Why this Swedish tenor turned anti-gay hate mail into a song
Warning: This story contains graphic language in the form of a homophobic slur
When a Swedish orchestra received a hate-filled letter about its tenor Rickard Soderberg, the musician decided to turn it into "something beautiful."
The anonymous letter addressed to the Helsingborg Symphony Orchestra came after a performance featuring Soderberg, who is gay.
The letter first praised the event's wine, service and setting, before lashing out in a homophobic screed about how pride parades make the writer "want to vomit" and accusing the orchestra of "hopping aboard the fag train."
"First of all, you want to scream and cry and get mad. But then I thought, I don't want to do that," Soderberg told As It Happens host Carol Off.
"I just want to make this is into something beautiful. I don't think we can go on being mad at each other. We just have to do something else. We have to change that agenda."

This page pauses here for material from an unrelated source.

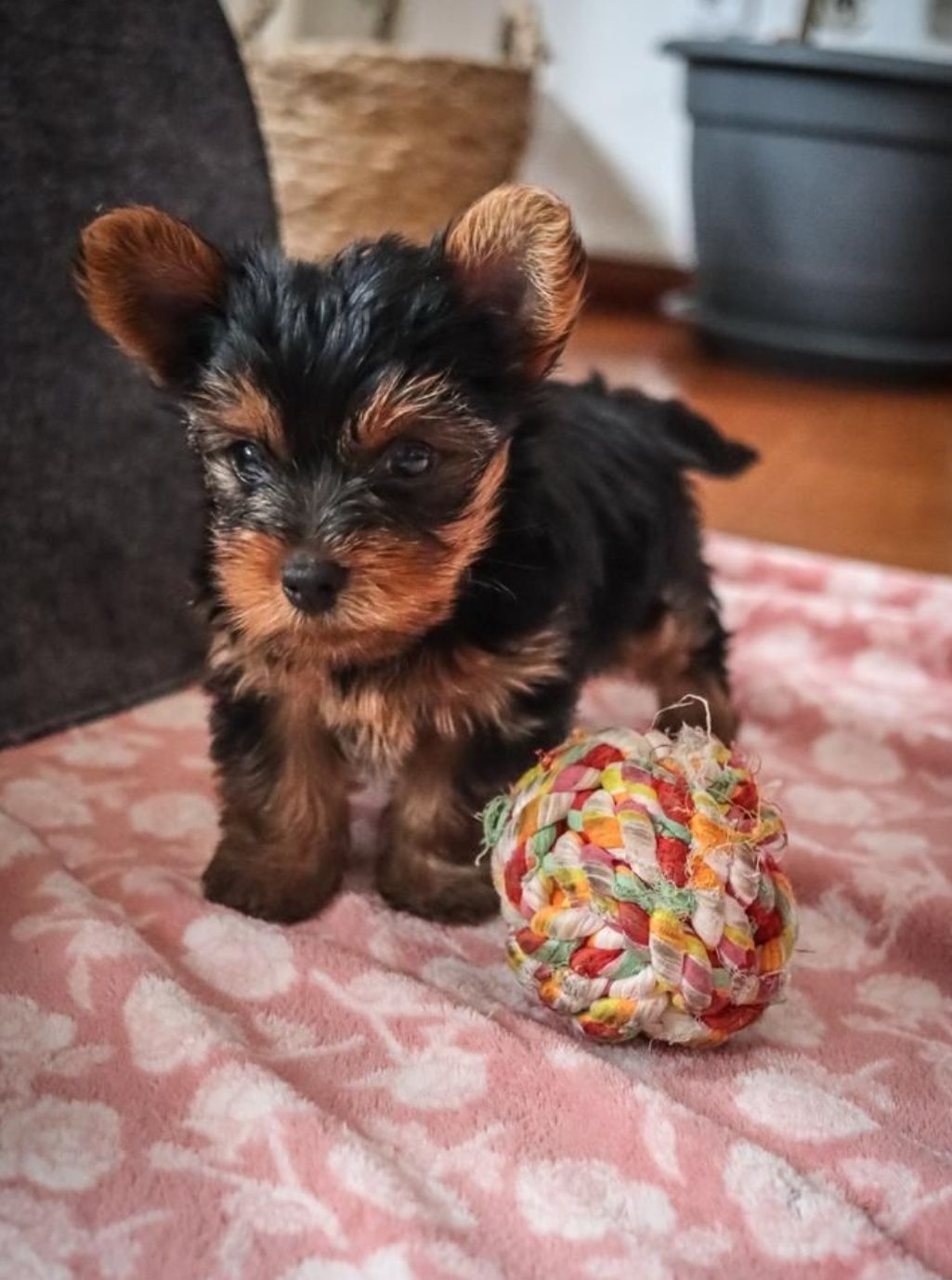 Cachorro Yorkshire Terrier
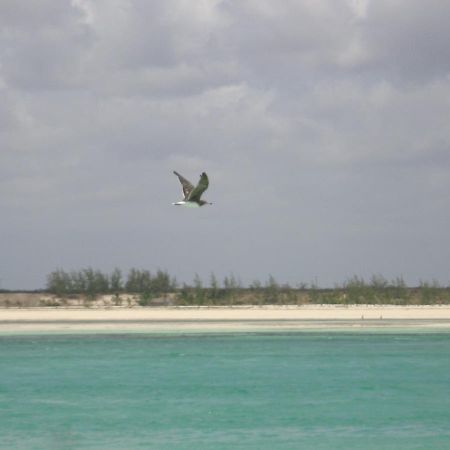 Chiky Villa Watamu Dış mekan fotoğraf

When you look closely at the letter's contents, Soderberg said, "there's some poetry there."
"I want to go on that train," he said. "It sounds fantastic."
So he contacted the show's director Fredrik Osterling and proposed they take the words, put them to music and "just get on that fag train and sing."
The resulting cantata is called Bogtaget — Swedish for The Fag Train — and has Soderberg's operatic voice crooning exact lines from the letter, including "Why do you have to force this gay agenda on us poor people?"
Soderberg posted a video of himself on Facebook practising the song.
"By considering the text as an opera libretto, we were able to scrutinize the emotions that the anonymous sender was seeking to express," Osterling told LGBT news site Queerty.
"And at the same time, we are doing exactly what an artistic institution should be doing: we are reflecting our times in our art."
The orchestra debuted the song on Saturday alongside a performance by Soderberg of German composer Robert Schumann's Frauen-Liebe und Leben.
That song, usually performed by a woman about her undying affection for her husband, was also adapted to express a more universal theme of love.
"The people who were there were super enthusiastic, and it's obviously done with a sense of humour, all of it," Soderberg said.
"But underneath the lightness is the big question, and that is: What kind of world do we want to live in? One with more people who love each other or less?"
But there was one person missing from the audience.
Soderberg reserved two seats for the letter writer and a guest, and made announcements in the local papers inviting them to come.
"But they didn't arrive, unfortunately," he said.
"I don't think necessarily this is an evil person who wrote this letter.… It's just someone who needs a bit more love in his life."